WORK INSTRUCTIONS -
Set each line of the records down again exactly, please.

(Data records)
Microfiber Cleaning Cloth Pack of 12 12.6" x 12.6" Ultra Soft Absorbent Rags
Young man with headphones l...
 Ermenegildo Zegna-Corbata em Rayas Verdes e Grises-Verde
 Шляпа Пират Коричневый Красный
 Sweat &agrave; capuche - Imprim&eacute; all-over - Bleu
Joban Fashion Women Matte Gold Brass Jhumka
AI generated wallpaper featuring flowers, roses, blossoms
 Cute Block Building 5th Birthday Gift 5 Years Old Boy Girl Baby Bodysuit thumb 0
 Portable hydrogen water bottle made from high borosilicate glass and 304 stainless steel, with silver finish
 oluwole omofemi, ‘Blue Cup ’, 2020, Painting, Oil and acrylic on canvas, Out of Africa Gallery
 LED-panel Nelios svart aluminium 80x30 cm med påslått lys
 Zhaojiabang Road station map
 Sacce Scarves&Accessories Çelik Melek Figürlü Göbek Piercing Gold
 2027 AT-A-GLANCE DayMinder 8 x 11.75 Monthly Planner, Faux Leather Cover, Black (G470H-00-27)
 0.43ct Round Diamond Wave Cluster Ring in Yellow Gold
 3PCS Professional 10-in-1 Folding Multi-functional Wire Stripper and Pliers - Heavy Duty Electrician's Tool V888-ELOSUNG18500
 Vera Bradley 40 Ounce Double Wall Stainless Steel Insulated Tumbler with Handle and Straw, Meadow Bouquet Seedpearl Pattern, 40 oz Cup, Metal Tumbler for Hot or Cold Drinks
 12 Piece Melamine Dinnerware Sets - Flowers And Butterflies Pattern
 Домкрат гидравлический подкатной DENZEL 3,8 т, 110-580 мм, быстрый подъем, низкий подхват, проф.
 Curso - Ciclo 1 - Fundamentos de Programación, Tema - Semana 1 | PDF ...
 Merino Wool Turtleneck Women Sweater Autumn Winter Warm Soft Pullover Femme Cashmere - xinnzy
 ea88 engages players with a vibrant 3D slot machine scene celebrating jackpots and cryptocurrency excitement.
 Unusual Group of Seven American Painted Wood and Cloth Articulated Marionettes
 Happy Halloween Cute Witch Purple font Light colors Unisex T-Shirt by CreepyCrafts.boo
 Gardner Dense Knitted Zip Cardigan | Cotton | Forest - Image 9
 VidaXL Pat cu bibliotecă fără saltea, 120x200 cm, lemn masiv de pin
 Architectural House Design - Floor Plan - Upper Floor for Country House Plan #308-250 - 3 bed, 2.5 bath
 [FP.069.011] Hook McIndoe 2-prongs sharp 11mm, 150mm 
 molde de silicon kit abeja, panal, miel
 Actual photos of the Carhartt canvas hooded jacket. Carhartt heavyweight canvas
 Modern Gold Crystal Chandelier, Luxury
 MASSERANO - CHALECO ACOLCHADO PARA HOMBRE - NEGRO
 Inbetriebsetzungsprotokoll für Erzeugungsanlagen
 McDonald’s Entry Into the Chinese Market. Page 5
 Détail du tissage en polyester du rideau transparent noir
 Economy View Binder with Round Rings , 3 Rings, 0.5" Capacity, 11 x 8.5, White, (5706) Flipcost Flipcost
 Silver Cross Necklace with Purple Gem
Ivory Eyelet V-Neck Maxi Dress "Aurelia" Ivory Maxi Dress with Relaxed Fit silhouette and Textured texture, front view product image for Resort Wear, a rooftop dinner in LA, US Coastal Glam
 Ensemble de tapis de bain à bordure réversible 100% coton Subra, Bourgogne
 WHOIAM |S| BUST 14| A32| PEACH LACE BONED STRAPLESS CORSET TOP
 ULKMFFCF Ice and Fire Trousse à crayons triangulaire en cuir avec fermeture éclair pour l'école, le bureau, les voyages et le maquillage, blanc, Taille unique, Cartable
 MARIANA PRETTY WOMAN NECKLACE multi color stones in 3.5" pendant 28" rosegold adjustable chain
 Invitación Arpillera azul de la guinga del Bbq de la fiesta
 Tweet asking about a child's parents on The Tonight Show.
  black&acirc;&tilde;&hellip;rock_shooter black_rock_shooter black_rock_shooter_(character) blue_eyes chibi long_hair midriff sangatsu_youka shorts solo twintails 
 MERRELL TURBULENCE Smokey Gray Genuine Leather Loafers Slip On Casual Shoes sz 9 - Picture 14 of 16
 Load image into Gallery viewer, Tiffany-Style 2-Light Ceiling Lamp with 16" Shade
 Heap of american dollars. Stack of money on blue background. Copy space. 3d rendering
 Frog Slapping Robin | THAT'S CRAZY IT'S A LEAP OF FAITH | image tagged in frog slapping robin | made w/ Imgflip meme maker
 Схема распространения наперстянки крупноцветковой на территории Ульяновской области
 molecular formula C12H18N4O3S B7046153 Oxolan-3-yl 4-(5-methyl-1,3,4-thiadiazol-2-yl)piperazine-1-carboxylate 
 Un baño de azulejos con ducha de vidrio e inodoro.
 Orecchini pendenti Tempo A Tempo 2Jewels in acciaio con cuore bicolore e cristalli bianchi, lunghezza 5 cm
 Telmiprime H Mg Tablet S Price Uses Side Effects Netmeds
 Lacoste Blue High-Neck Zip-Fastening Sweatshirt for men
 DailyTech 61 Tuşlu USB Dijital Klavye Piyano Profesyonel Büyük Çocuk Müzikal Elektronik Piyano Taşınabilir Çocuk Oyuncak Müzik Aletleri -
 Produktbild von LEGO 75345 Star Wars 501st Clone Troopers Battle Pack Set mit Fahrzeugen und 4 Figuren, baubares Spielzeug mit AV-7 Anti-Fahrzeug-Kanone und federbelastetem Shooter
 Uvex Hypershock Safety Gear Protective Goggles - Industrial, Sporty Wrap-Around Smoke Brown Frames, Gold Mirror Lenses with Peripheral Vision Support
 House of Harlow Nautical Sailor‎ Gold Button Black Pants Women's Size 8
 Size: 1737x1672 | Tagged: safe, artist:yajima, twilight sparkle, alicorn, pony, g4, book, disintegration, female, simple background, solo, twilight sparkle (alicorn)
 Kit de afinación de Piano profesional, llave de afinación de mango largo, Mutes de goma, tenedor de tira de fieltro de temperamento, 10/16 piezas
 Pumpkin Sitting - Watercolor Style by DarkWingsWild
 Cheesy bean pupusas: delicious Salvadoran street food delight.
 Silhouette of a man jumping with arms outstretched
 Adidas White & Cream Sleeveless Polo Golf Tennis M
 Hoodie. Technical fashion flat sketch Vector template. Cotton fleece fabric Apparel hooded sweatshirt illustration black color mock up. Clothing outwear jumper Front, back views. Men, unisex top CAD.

WRITTEN SOLUTION -
Microfiber Cleaning Cloth Pack of 12 12.6" x 12.6" Ultra Soft Absorbent Rags
Young man with headphones l...
 Ermenegildo Zegna-Corbata em Rayas Verdes e Grises-Verde
 Шляпа Пират Коричневый Красный
 Sweat &agrave; capuche - Imprim&eacute; all-over - Bleu
Joban Fashion Women Matte Gold Brass Jhumka
AI generated wallpaper featuring flowers, roses, blossoms
 Cute Block Building 5th Birthday Gift 5 Years Old Boy Girl Baby Bodysuit thumb 0
 Portable hydrogen water bottle made from high borosilicate glass and 304 stainless steel, with silver finish
 oluwole omofemi, ‘Blue Cup ’, 2020, Painting, Oil and acrylic on canvas, Out of Africa Gallery
 LED-panel Nelios svart aluminium 80x30 cm med påslått lys
 Zhaojiabang Road station map
 Sacce Scarves&Accessories Çelik Melek Figürlü Göbek Piercing Gold
 2027 AT-A-GLANCE DayMinder 8 x 11.75 Monthly Planner, Faux Leather Cover, Black (G470H-00-27)
 0.43ct Round Diamond Wave Cluster Ring in Yellow Gold
 3PCS Professional 10-in-1 Folding Multi-functional Wire Stripper and Pliers - Heavy Duty Electrician's Tool V888-ELOSUNG18500
 Vera Bradley 40 Ounce Double Wall Stainless Steel Insulated Tumbler with Handle and Straw, Meadow Bouquet Seedpearl Pattern, 40 oz Cup, Metal Tumbler for Hot or Cold Drinks
 12 Piece Melamine Dinnerware Sets - Flowers And Butterflies Pattern
 Домкрат гидравлический подкатной DENZEL 3,8 т, 110-580 мм, быстрый подъем, низкий подхват, проф.
 Curso - Ciclo 1 - Fundamentos de Programación, Tema - Semana 1 | PDF ...
 Merino Wool Turtleneck Women Sweater Autumn Winter Warm Soft Pullover Femme Cashmere - xinnzy
 ea88 engages players with a vibrant 3D slot machine scene celebrating jackpots and cryptocurrency excitement.
 Unusual Group of Seven American Painted Wood and Cloth Articulated Marionettes
 Happy Halloween Cute Witch Purple font Light colors Unisex T-Shirt by CreepyCrafts.boo
 Gardner Dense Knitted Zip Cardigan | Cotton | Forest - Image 9
 VidaXL Pat cu bibliotecă fără saltea, 120x200 cm, lemn masiv de pin
 Architectural House Design - Floor Plan - Upper Floor for Country House Plan #308-250 - 3 bed, 2.5 bath
 [FP.069.011] Hook McIndoe 2-prongs sharp 11mm, 150mm 
 molde de silicon kit abeja, panal, miel
 Actual photos of the Carhartt canvas hooded jacket. Carhartt heavyweight canvas
 Modern Gold Crystal Chandelier, Luxury
 MASSERANO - CHALECO ACOLCHADO PARA HOMBRE - NEGRO
 Inbetriebsetzungsprotokoll für Erzeugungsanlagen
 McDonald’s Entry Into the Chinese Market. Page 5
 Détail du tissage en polyester du rideau transparent noir
 Economy View Binder with Round Rings , 3 Rings, 0.5" Capacity, 11 x 8.5, White, (5706) Flipcost Flipcost
 Silver Cross Necklace with Purple Gem
Ivory Eyelet V-Neck Maxi Dress "Aurelia" Ivory Maxi Dress with Relaxed Fit silhouette and Textured texture, front view product image for Resort Wear, a rooftop dinner in LA, US Coastal Glam
 Ensemble de tapis de bain à bordure réversible 100% coton Subra, Bourgogne
 WHOIAM |S| BUST 14| A32| PEACH LACE BONED STRAPLESS CORSET TOP
 ULKMFFCF Ice and Fire Trousse à crayons triangulaire en cuir avec fermeture éclair pour l'école, le bureau, les voyages et le maquillage, blanc, Taille unique, Cartable
 MARIANA PRETTY WOMAN NECKLACE multi color stones in 3.5" pendant 28" rosegold adjustable chain
 Invitación Arpillera azul de la guinga del Bbq de la fiesta
 Tweet asking about a child's parents on The Tonight Show.
  black&acirc;&tilde;&hellip;rock_shooter black_rock_shooter black_rock_shooter_(character) blue_eyes chibi long_hair midriff sangatsu_youka shorts solo twintails 
 MERRELL TURBULENCE Smokey Gray Genuine Leather Loafers Slip On Casual Shoes sz 9 - Picture 14 of 16
 Load image into Gallery viewer, Tiffany-Style 2-Light Ceiling Lamp with 16" Shade
 Heap of american dollars. Stack of money on blue background. Copy space. 3d rendering
 Frog Slapping Robin | THAT'S CRAZY IT'S A LEAP OF FAITH | image tagged in frog slapping robin | made w/ Imgflip meme maker
 Схема распространения наперстянки крупноцветковой на территории Ульяновской области
 molecular formula C12H18N4O3S B7046153 Oxolan-3-yl 4-(5-methyl-1,3,4-thiadiazol-2-yl)piperazine-1-carboxylate 
 Un baño de azulejos con ducha de vidrio e inodoro.
 Orecchini pendenti Tempo A Tempo 2Jewels in acciaio con cuore bicolore e cristalli bianchi, lunghezza 5 cm
 Telmiprime H Mg Tablet S Price Uses Side Effects Netmeds
 Lacoste Blue High-Neck Zip-Fastening Sweatshirt for men
 DailyTech 61 Tuşlu USB Dijital Klavye Piyano Profesyonel Büyük Çocuk Müzikal Elektronik Piyano Taşınabilir Çocuk Oyuncak Müzik Aletleri -
 Produktbild von LEGO 75345 Star Wars 501st Clone Troopers Battle Pack Set mit Fahrzeugen und 4 Figuren, baubares Spielzeug mit AV-7 Anti-Fahrzeug-Kanone und federbelastetem Shooter
 Uvex Hypershock Safety Gear Protective Goggles - Industrial, Sporty Wrap-Around Smoke Brown Frames, Gold Mirror Lenses with Peripheral Vision Support
 House of Harlow Nautical Sailor‎ Gold Button Black Pants Women's Size 8
 Size: 1737x1672 | Tagged: safe, artist:yajima, twilight sparkle, alicorn, pony, g4, book, disintegration, female, simple background, solo, twilight sparkle (alicorn)
 Kit de afinación de Piano profesional, llave de afinación de mango largo, Mutes de goma, tenedor de tira de fieltro de temperamento, 10/16 piezas
 Pumpkin Sitting - Watercolor Style by DarkWingsWild
 Cheesy bean pupusas: delicious Salvadoran street food delight.
 Silhouette of a man jumping with arms outstretched
 Adidas White & Cream Sleeveless Polo Golf Tennis M
 Hoodie. Technical fashion flat sketch Vector template. Cotton fleece fabric Apparel hooded sweatshirt illustration black color mock up. Clothing outwear jumper Front, back views. Men, unisex top CAD.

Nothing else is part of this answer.